Exercise prompt
Retype all data exactly as given. Pictures should not be retyped.
Supplied information START
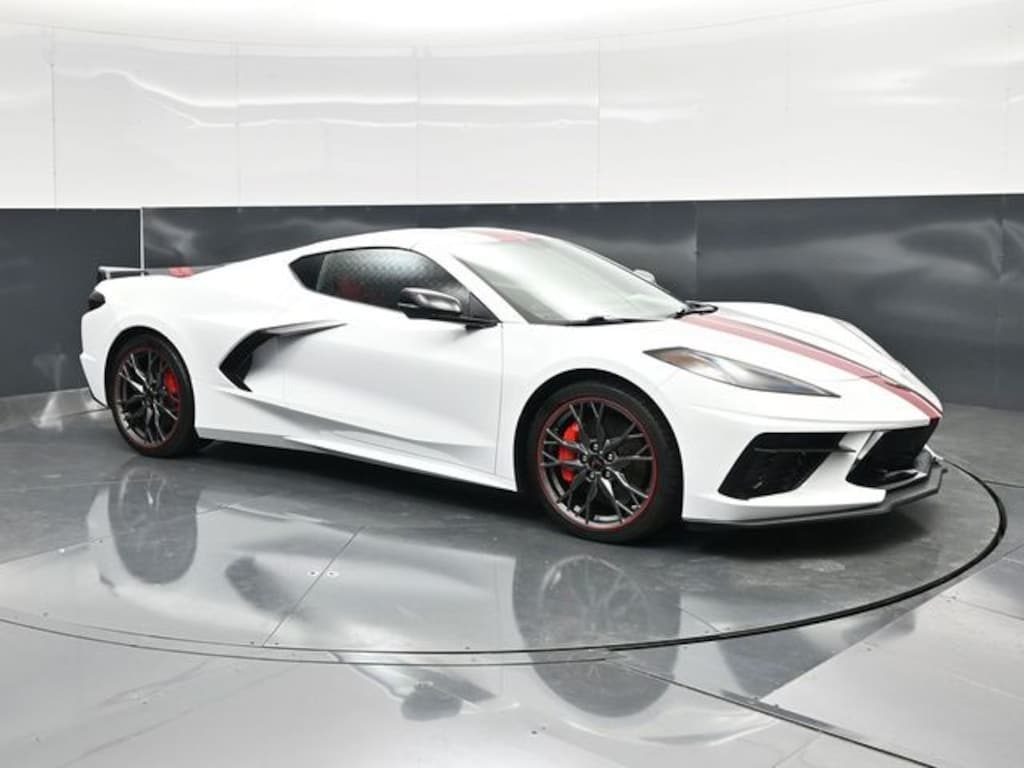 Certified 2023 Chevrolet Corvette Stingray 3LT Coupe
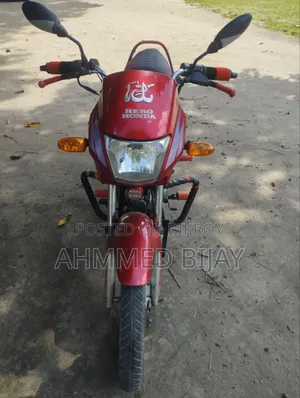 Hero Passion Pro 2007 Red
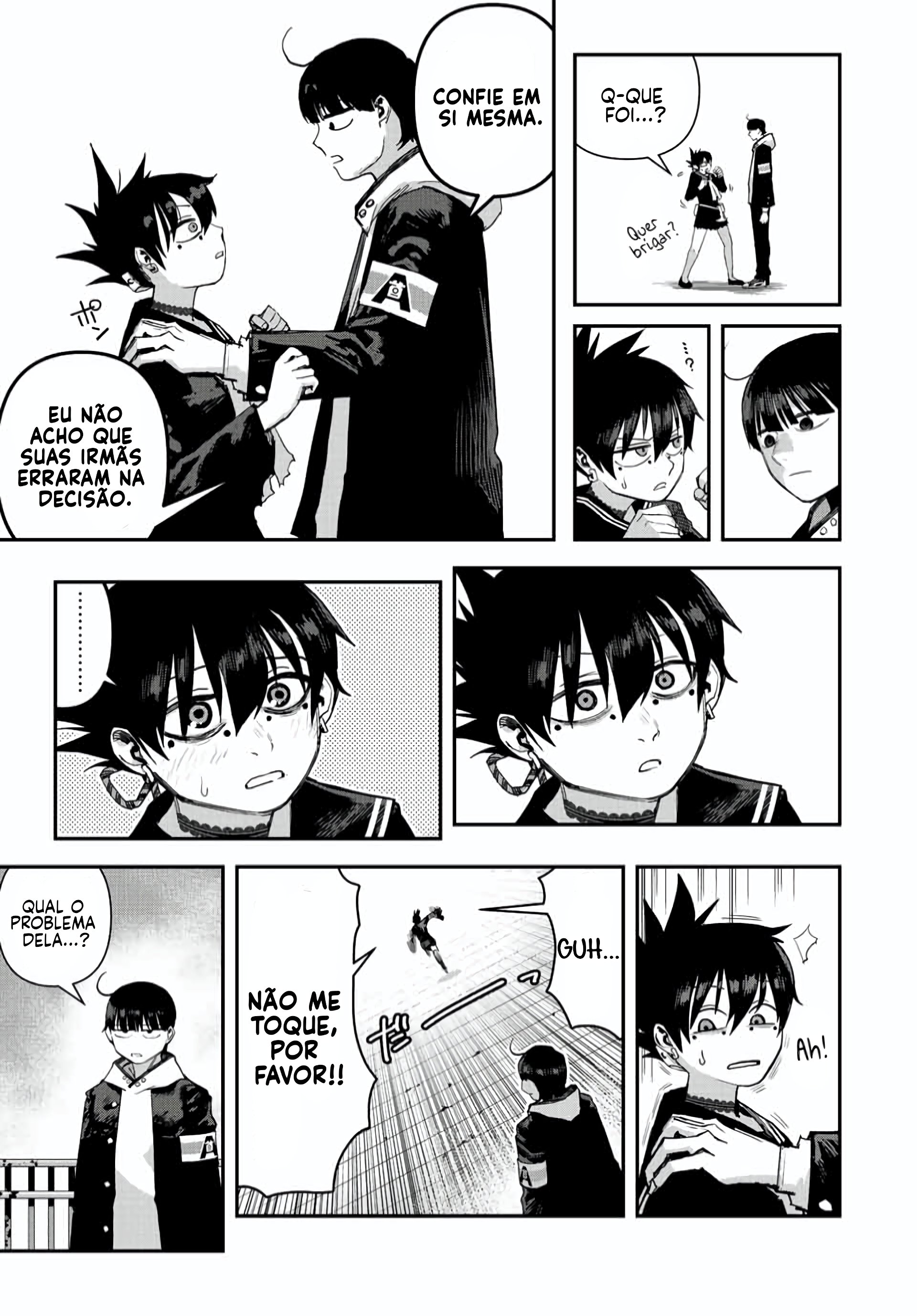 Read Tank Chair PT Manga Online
Supplied information END
Solved exercise
 Certified 2023 Chevrolet Corvette Stingray 3LT Coupe
 Hero Passion Pro 2007 Red
 Read Tank Chair PT Manga Online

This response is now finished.